I started h’isting him back into the saddle, and he said kind of dizzily: “This here’s a free country; I don’t have to go to Bear Creek if’n I don’t want to.”
“Well,” I said severely, “you oughtta want to, after all the trouble I’ve went to, comin’ and invitin’ you. Set still now; I’m settin’ on behind, but I’m holdin’ the reins.”
“I’ll have yore life for this,” he promised blood-thirstily, but I ignored it, because pap had said Uncle Esau was peculiar.
Pretty soon we hove up to the cabin I’d glimpsed through the trees. Nobody was in sight, but I seen a horse tied to a tree in front of the cabin. I rode up to the door and knocked, but nobody answered. But I seen smoke coming out of the chimney, so I decided I’d go in.
I dismounted and lifted Uncle Esau off, because I seen from the gleam in his eye that he was intending to run off on Cap’n Kidd if I give him half a chance. I got a firm grip on his collar, because I was determined that he was going to visit us up on Bear Creek if I had to tote him on my shoulder all the way, and I went into the cabin with him.
There wasn’t nobody in there, though a pot of beans was simmering over some coals in the fireplace, and I seen some rifles in racks on the wall and a belt with two pistols hanging on a nail.
Then I heard somebody walking behind the cabin, and the back door opened and there stood a big black-whiskered man with a bucket of water in his hand and a astonished glare on his face.
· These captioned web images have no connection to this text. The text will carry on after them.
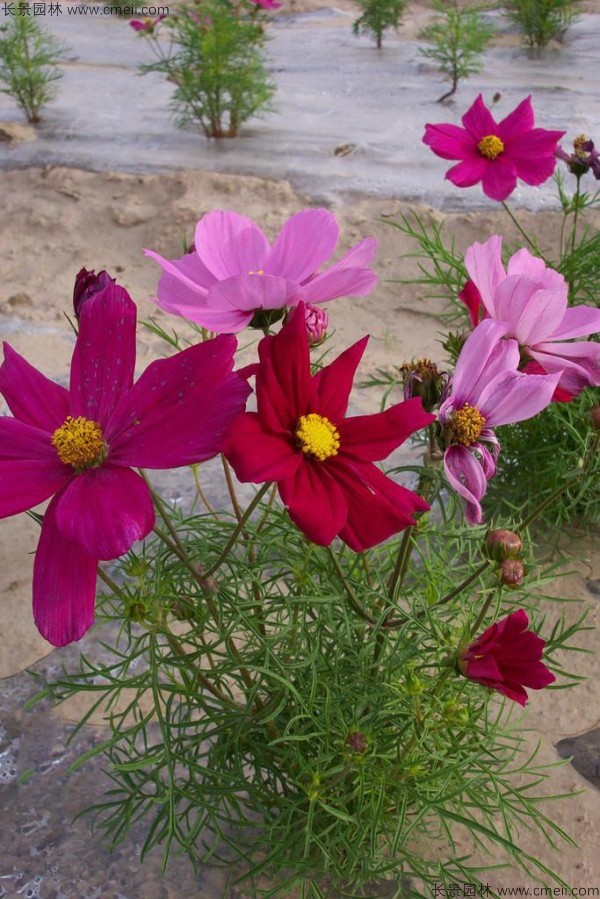 格?；ǚN子發(fā)芽出苗開花圖片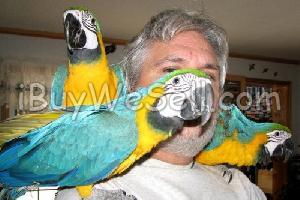Chobby Macaw parrots for sale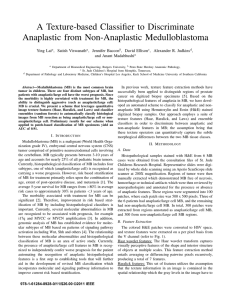 A Texture-based Classifier to Discriminate Anaplastic from Non-Anaplastic Medulloblastoma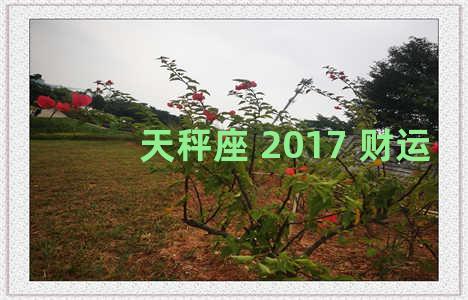 天秤座 2017 财运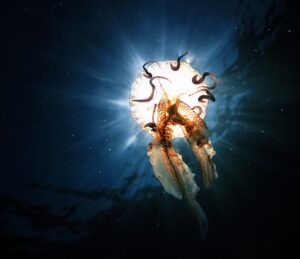 MARMARİS SCUBA DİVİNG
He didn’t have no guns on.
“Who the hell are you?” he demanded, but Uncle Esau give a kind of gurgle, and said: “Grizzly Hawkins!”
The big man jumped and glared at Uncle Esau, and then his black whiskers bristled in a ferocious grin, and he said: “Oh, it’s you, is it? Who’d of thunk I’d ever meet you here!”
“Grizzly Hawkins, hey?” I said, realizing that I’d stumbled onto the hideout of the worst outlaw in them mountains. “So you all know each other?”
“I’ll say we do!” rumbled Hawkins, looking at Uncle Esau like a wolf looks at a fat yearling.
“I’d heard you was from Arizona,” I said, being naturally tactful. “Looks to me like they’s enough cow-thieves in these hills already without outsiders buttin’ in. But your morals ain’t none of my business. I want to buy or hire or borrow a horse for this here gent to ride.”
“Oh, no, you ain’t!” said Grizzly. “You think I’m goin’ to let a fortune slip through my fingers like that? Tell you what I’ll do, though; I’ll split with you. My gang had business over toward Tomahawk this mornin’, but they’re due back soon. Me and you will work him over before they gits back, and we’ll nab all the loot ourselves.”
“What you mean?” I asked. “My uncle and me is on our way to Bear Creek—”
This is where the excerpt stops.